SABINE SIEBOLD and SARAH MARSH
The German military is scrutinising the actions of Russian forces that recently arrived near its main camp in the Gao area of Mali and is keeping a close eye on the operation of the airport there, Germany’s defence minister told Reuters.
Berlin has deployed some 1,000 troops to Mali, most near the northern town of Gao where their main task is to gather reconnaissance for U.N. peacekeeping mission MINUSMA, set up in 2013 to back foreign and local troops battling Islamist militants.
The future of the German mission is in doubt, however, after the latest dispute with the ruling military junta in Bamako and the arrival of Russian forces in Gao, which added to Berlin’s unease over an increasing Russian military presence in Mali.
“What are the tasks of the Russian troops that have shown up directly next to our camp? Are they only supporting Malian soldiers with equipment and training? Or do the Russians influence the operation of Gao airport?” German Defence Minister Christine Lambrecht said in an interview.
“That would of course be a difficult situation for us, which would then have to be completely reassessed.”
So far, the Russian presence has had no concrete impact on the German military operation, according to Lambrecht.
In April, Germany called on the junta to cease working with Russian military contractors if it wanted to fully reactivate the European Union’s training of the country’s armed forces.
The Russian private military firm Wagner Group began supplying hundreds of fighters last year to support the Malian military and has since been accused by human rights groups and local residents of participating in massacres of civilians – accusations it has not responded to.
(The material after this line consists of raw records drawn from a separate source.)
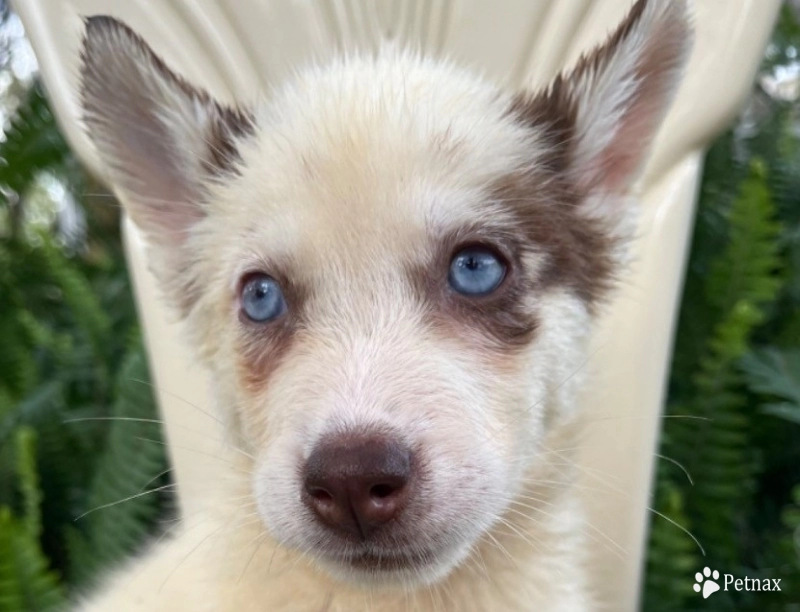 Red female Siberian Husky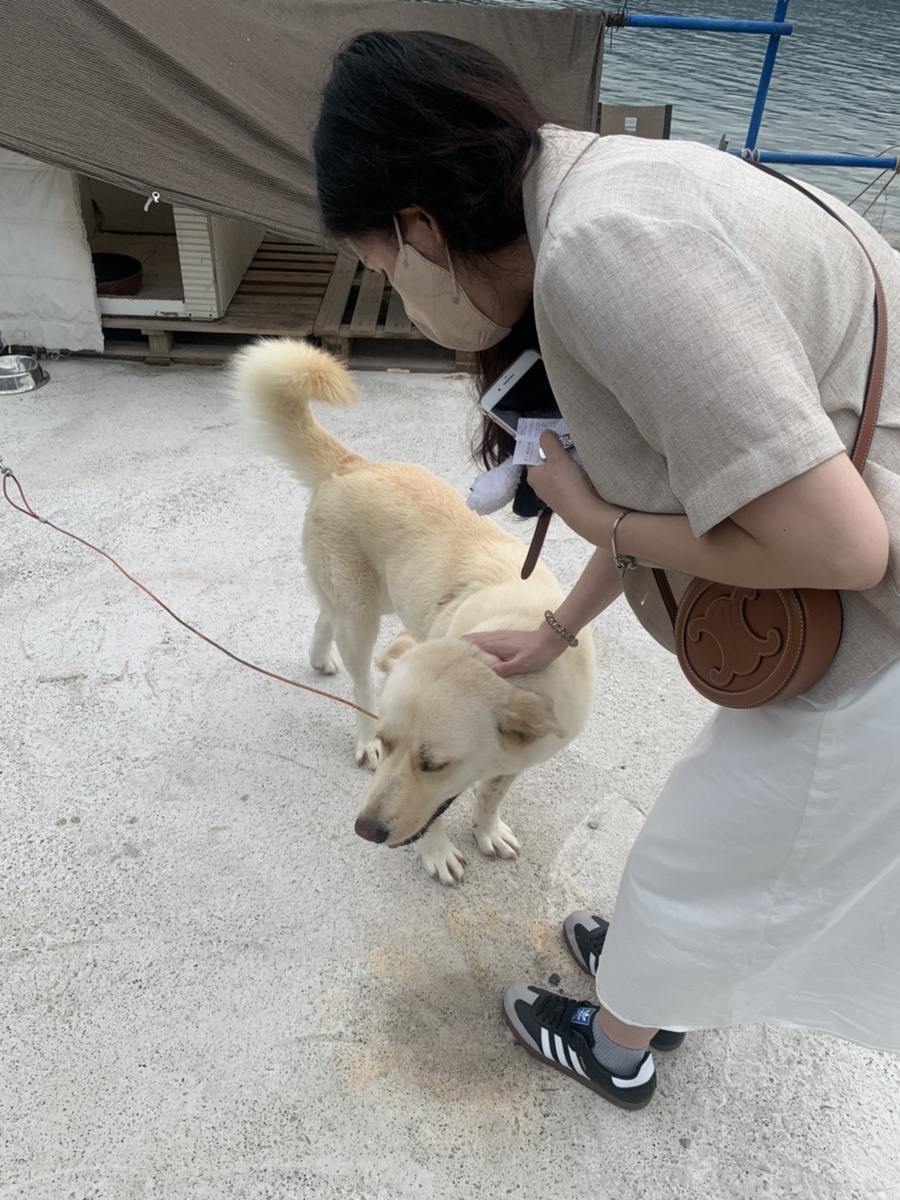 고성수산 이미지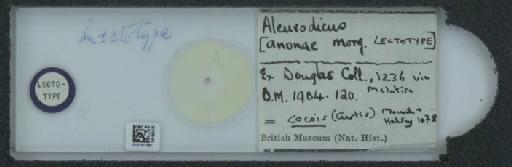Aleurodicus anonae Morgan, 1892 - 010161067_117669_1091523
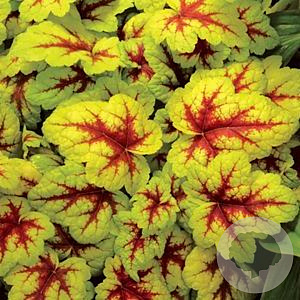 Heucherella 'Stoplight' GM P9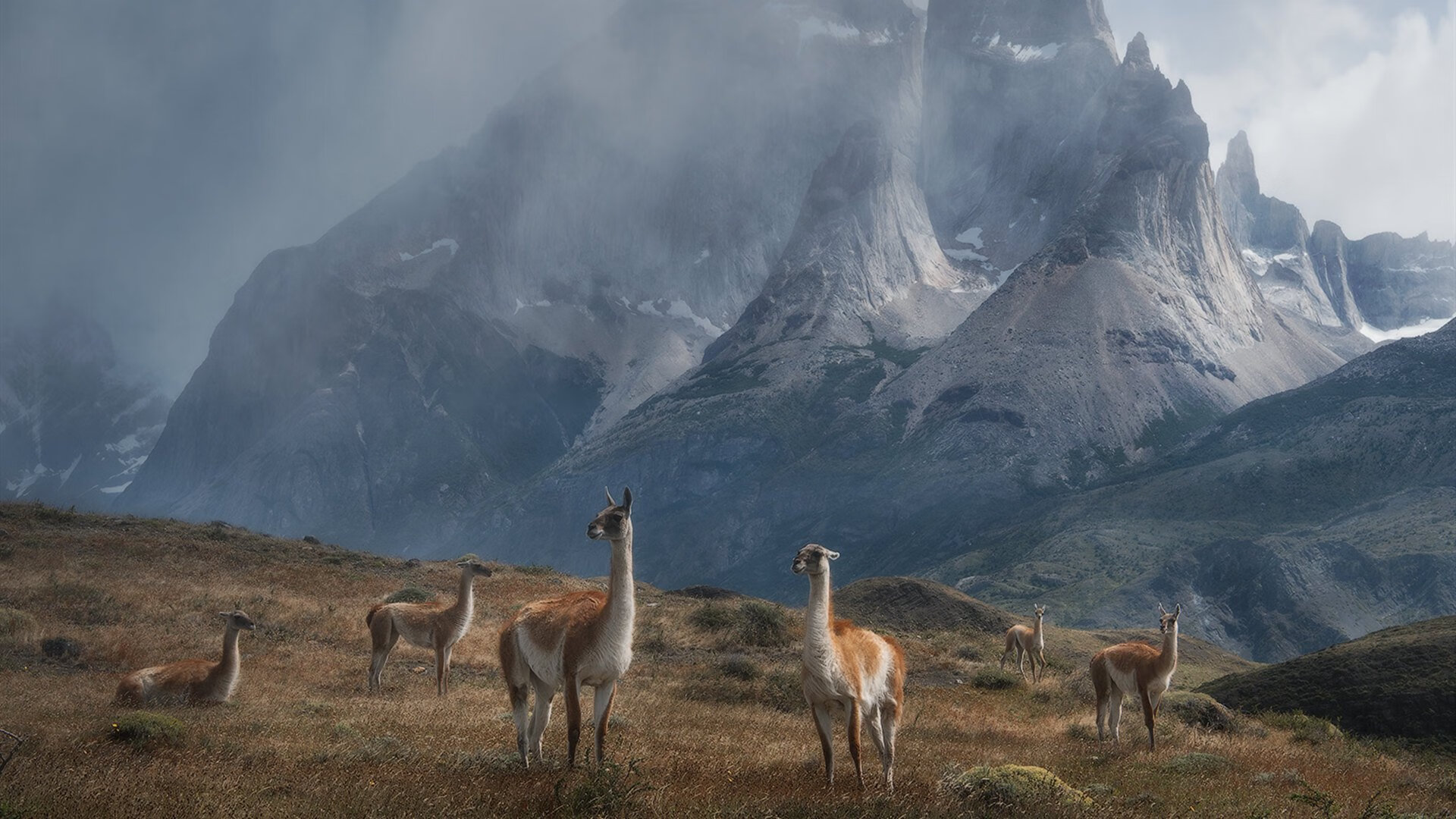 未知之战：双方实力对比尽显悬念，未知的战斗力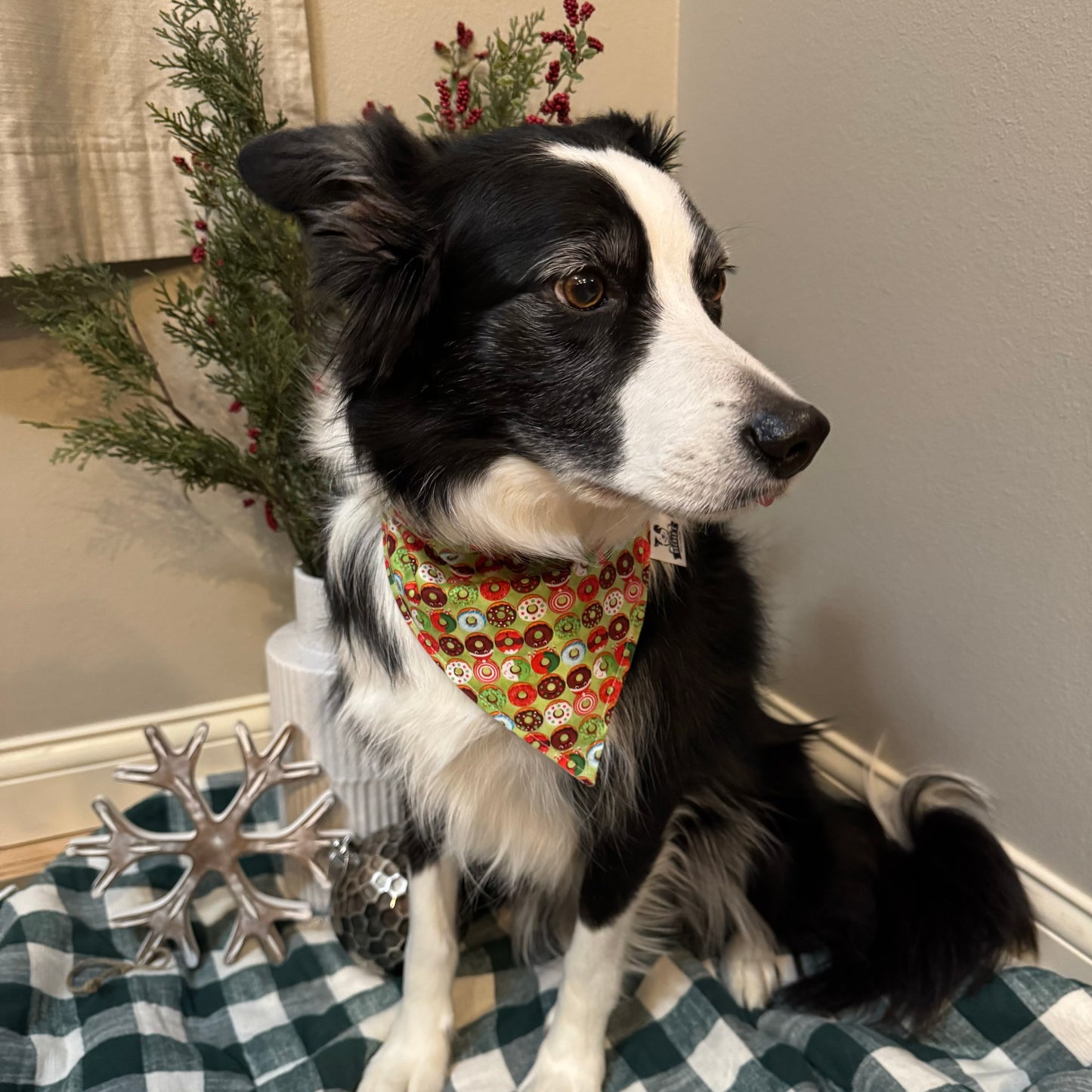 Donuts and Christmas Dots Bandana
The German military suspended its reconnaissance mission for more than three weeks from mid-August after a spat with Mali’s junta regarding overflight clearances and only resumed operations earlier this month.
Lambrecht said the United Nations had struck deals with the Malian government with regard to the flight clearances and regular exchanges of troops at the camps, and that the procedures were currently working.
“Of course, we are observing very closely what exactly we can do to advance the democratisation and stabilisation of Mali,” Lambrecht said.
“We see that, temporarily, there are no clearances for drone flights. But we need these flights because, without the surveillance of the drones and the resulting protection, our forces cannot go out of the camp as far (as they normally would go on patrol).”
Lambrecht also signalled that Germany would keep up its military engagement in Niger, which shares a border with Mali and where German troops have been part of a training mission that is supposed to wind up at the end of this year.